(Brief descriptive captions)
┌──

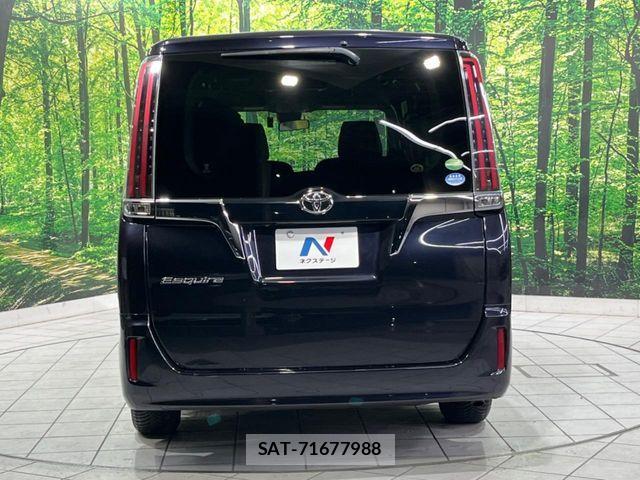 Toyota ESQUIRE 2018-03 7392077-15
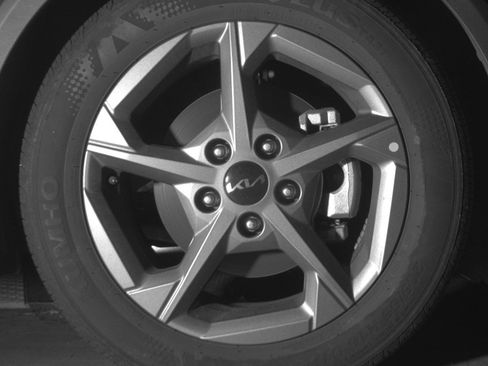 Used 2025 Kia K4 LXS image 12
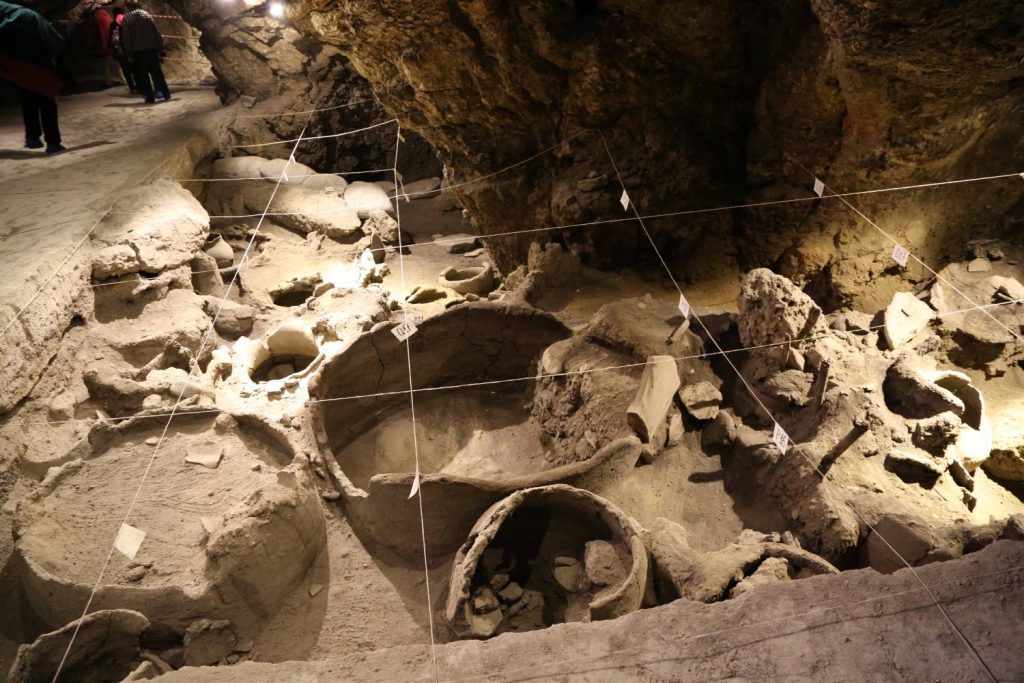 Пещеры Арени / Фото armmuseum.ru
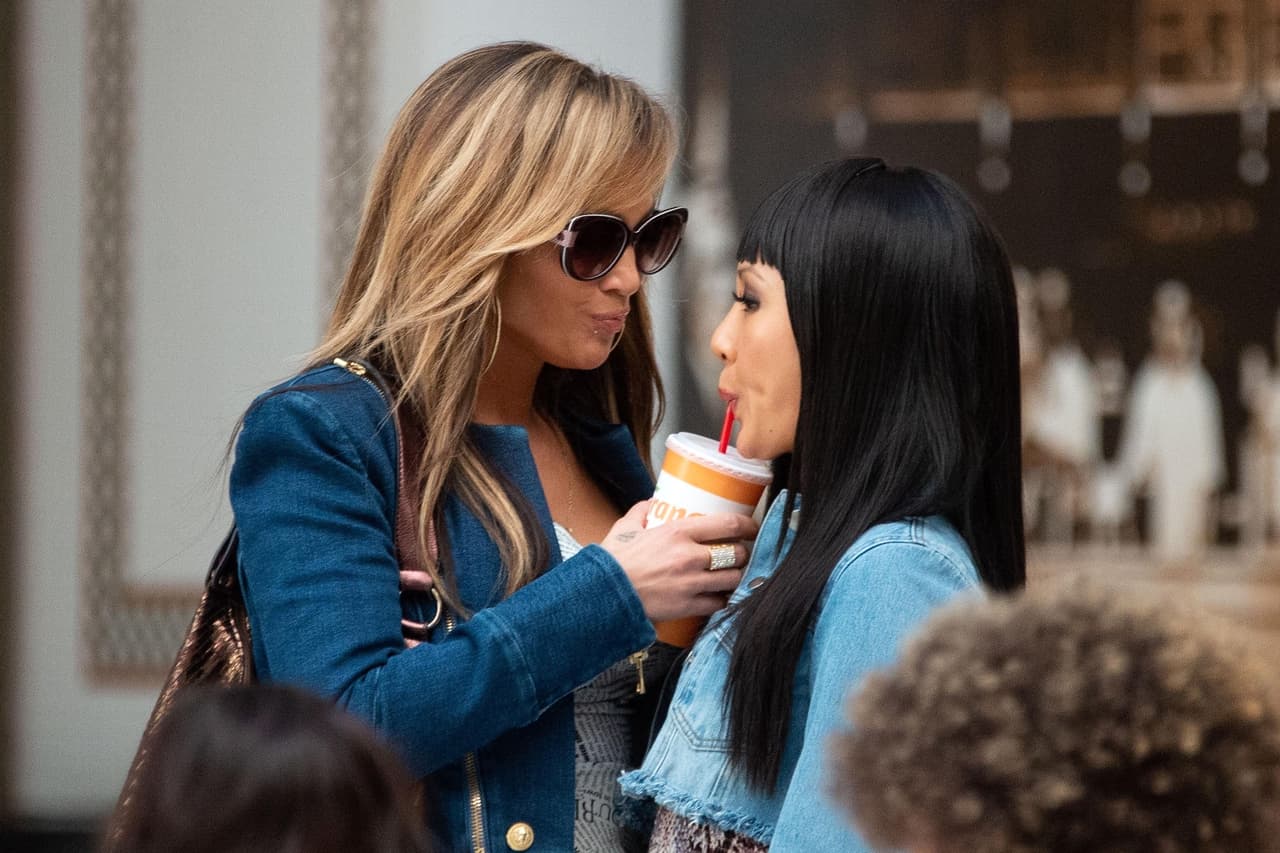 En la cinta también participan Constance Wu (con JLo en la foto), Lili Reinhart, Julia Stiles, Trace Lysette, Keke Palmer y la rapera Cardi B.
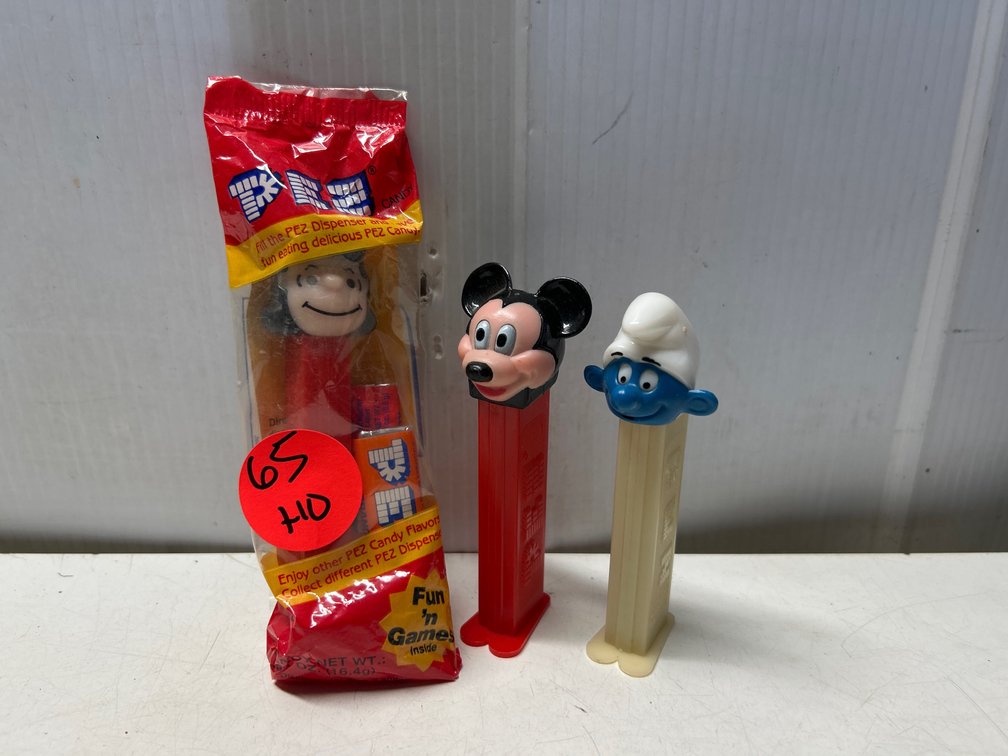 3 Vintage Pez Dispensers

└──

= TASK GOAL =
Reproduce, exactly and with no pictures, the lines from the line containing "Пещеры Арени / Фото armmuseum.ru" through the closing line of the data above, keeping both ends.

= SOLVED EXERCISE =
 Пещеры Арени / Фото armmuseum.ru
 En la cinta también participan Constance Wu (con JLo en la foto), Lili Reinhart, Julia Stiles, Trace Lysette, Keke Palmer y la rapera Cardi B.
 3 Vintage Pez Dispensers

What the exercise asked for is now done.